Our charter provides that, to the maximum extent permitted by Maryland law in effect from time to time, we must indemnify and, without requiring a preliminary determination of the ultimate entitlement to indemnification, must pay or reimburse reasonable expenses in advance of the final disposition of a proceeding to: (i) any individual who is a present or former director or officer of us and who is made or threatened to be made a party to, or witness in, the proceeding by reason of his or her service in such capacity; or (ii) any individual who, while a director or officer of us and at our request, serves or has served as a director, officer, member, manager, partner or trustee of another corporation, real estate investment trust, limited liability company, partnership, joint venture, trust, employee benefit plan or any other enterprise and who is made or threatened to be made a party to, or witness in, the proceeding by reason of his or her service in such capacity.
 
We also maintain insurance on behalf of all of our directors and executive officers against liability asserted against or incurred by them in their official capacities with us.
 
We have entered into indemnification agreements with each of our directors and executive officers (each, an “Indemnitee”).

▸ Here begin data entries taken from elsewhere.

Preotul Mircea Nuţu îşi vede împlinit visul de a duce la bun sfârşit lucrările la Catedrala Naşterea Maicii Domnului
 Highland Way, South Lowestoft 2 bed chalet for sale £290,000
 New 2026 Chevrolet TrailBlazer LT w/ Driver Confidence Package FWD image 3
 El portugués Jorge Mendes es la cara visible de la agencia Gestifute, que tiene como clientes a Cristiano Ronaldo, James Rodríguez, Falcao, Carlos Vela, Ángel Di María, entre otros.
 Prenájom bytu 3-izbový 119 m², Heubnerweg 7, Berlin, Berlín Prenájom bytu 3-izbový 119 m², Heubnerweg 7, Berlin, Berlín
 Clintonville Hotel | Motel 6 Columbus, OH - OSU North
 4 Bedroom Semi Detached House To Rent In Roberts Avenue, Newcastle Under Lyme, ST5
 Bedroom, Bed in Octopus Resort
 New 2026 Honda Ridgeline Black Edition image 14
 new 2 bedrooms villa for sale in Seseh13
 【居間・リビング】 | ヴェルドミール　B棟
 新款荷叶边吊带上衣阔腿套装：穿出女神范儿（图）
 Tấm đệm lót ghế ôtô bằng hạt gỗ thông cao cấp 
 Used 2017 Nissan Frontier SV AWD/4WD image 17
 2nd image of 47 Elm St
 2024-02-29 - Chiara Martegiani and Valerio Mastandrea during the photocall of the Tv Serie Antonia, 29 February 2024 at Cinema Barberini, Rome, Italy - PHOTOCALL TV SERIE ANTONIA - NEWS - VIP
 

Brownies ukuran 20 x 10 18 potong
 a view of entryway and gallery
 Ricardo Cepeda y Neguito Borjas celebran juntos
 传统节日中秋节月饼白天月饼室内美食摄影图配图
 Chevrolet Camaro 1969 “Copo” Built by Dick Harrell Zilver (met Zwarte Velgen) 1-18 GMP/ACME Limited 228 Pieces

The indemnification agreements obligate us, if an Indemnitee is or is threatened to be made a party to, or witness in, any proceeding by reason of such Indemnitee’s status as a present or former director or officer of us, or as a director, trustee, officer, partner, manager, managing member, fiduciary, employee or agent of another entity that the Indemnitee served in such capacity at our request, to indemnify such Indemnitee, and advance expenses actually and reasonably incurred by him or her, subject to certain exceptions and conditions.
 
Item 35.
Treatment of Proceeds From Stock Being Registered.
 
None of the net proceeds will be credited to an account other than the appropriate capital share account.
 
Item 36.
Financial Statements and Exhibits.
 
  (a)   Financial Statements. See page F-1 for an index of the financial statements that are being filed as part of this registration statement.
 
  (b)   Exhibits. See the Exhibit Index on the page immediately preceding the signature page for a list of exhibits filed as part of this registration statement on Form
S-11,
which Exhibit Index is incorporated herein by reference.
 
Item 37.
Undertakings.
 
  (a)   Insofar as indemnification for liabilities arising under the Securities Act may be permitted to directors, officers and controlling persons of the registrant pursuant to the foregoing provisions, or otherwise, the registrant has been advised that in the opinion of the SEC such indemnification is against public policy as expressed in the Act and is, therefore, unenforceable. In the event that a claim for indemnification against such liabilities (other than the payment by the registrant of expenses incurred or paid by a director, officer or controlling person of the registrant in the successful defense of any action, suit or proceeding) is asserted by such director, officer or controlling person in connection with the securities being registered, the registrant will, unless in the opinion of its counsel the matter has been settled by controlling precedent, submit to a court of appropriate jurisdiction the question whether such indemnification by it is against public policy as expressed in the Act and will be governed by the final adjudication of such issue.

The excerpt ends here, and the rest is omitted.